Table 2 Computational values of -\(f^{\prime\prime}\left( 0 \right)\) for various values of \(\delta ,\lambda ,M,Kp\) when \(\beta = 1.0,\;\Pr = 7.0,\;{\text{Nc}} = 2.5,\;{\text{Nbt}} = 2.0,\;{\text{Le}} = 10,\;{\text{Sc}} = 5.0,\;R = 0.5\)
Table 3 Computational values of \(- \theta^{\prime}\left( 0 \right)\) and \(- \varphi^{\prime}\left( 0 \right)\) for various values of \(\delta ,\beta ,\lambda ,\Pr ,{\text{Nc}},{\text{Nbt}}\) when \({\text{Le}} = 10,\;{\text{Sc}} = 5,\;M = 0.5,\;R = 0.5\;{\text{and}}\; Kp = 0.2\)
Table 4 Numerical computations of \(- \theta^{\prime}\left( 0 \right)\) and \(- \varphi^{\prime}\left( 0 \right)\) for different values of \({\text{Le}},{\text{Sc}},M,R,Kp\)

6 Final Remarks

A numerical study of MHD Williamson nanofluid passing through a stretched surface is performed, taking into consideration the effects of heat radiation and the porous medium. The findings are obtained using the Keller-Box approach. The influence of several critical flow parameters on three fluid flow profiles is described using a graphical representation form. The following are the major conclusions drawn from the preceding discussion:

  • In the presence of increasing magnetic field (M) and permeability parameter values, it is predicted that the velocity profile would diminish.
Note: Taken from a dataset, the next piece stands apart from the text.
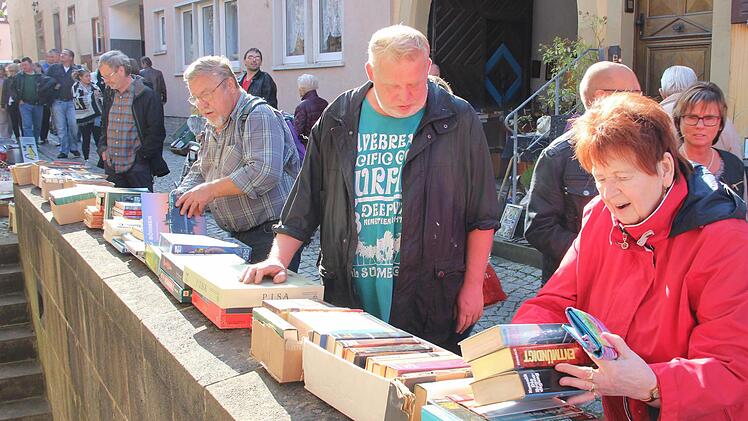 Der Flohmarkt hat seinen ganz besonderen Reiz. Hier gibt es alles vom Teddy über Heiligenfiguren bis zu Spielzeug aller Art. Foto: Dieter Britz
  • While an increase in the value of \(\delta\) reduces the velocity, but heat and mass transfer gradients exhibit the opposite pattern

  • For larger values of Williamson parameter, a drop in velocity field is seen, along with an upsurge in temperature and concentration.

  • As the values of Nc and R increase, the fluid temperature increases; however, the reverse trend is seen as the values of Pr, Le, and Nbt increase.
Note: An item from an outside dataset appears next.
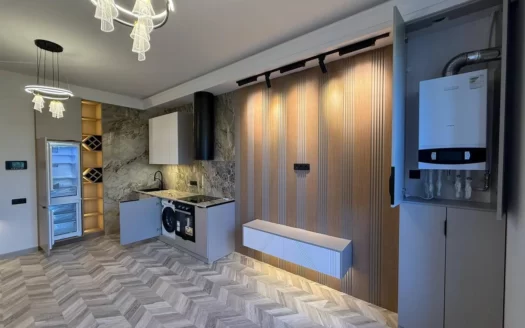 a 2 room apartment, Garegin Nzhdeh street, stone building, 3/4 floor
  • The temperature and concentration profiles become more pronounced as M increases, but thermal slip factor \(\beta\) has the reverse trend.

  • The fluid concentration gradients diminish as enhanced values of Nbt and Schmidt number (Sc).

  • Enhancement in the values of Pr against Le, and Nc versus Nbt, all contribute to an increase in the magnitude of heat transfer rate.